Supplied entries:
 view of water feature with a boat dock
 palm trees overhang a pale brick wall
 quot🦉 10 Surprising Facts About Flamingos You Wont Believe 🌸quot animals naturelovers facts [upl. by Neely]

...

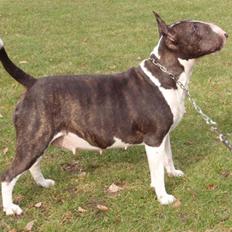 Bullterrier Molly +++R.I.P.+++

Work required: In the entries above, find the line with "view of water feature with a boat dock" and the line with "quot🦉 10 Surprising", then set down exactly those two and every line between them, nothing else.

Your solution:
 view of water feature with a boat dock
 palm trees overhang a pale brick wall
 quot🦉 10 Surprising Facts About Flamingos You Wont Believe 🌸quot animals naturelovers facts [upl. by Neely]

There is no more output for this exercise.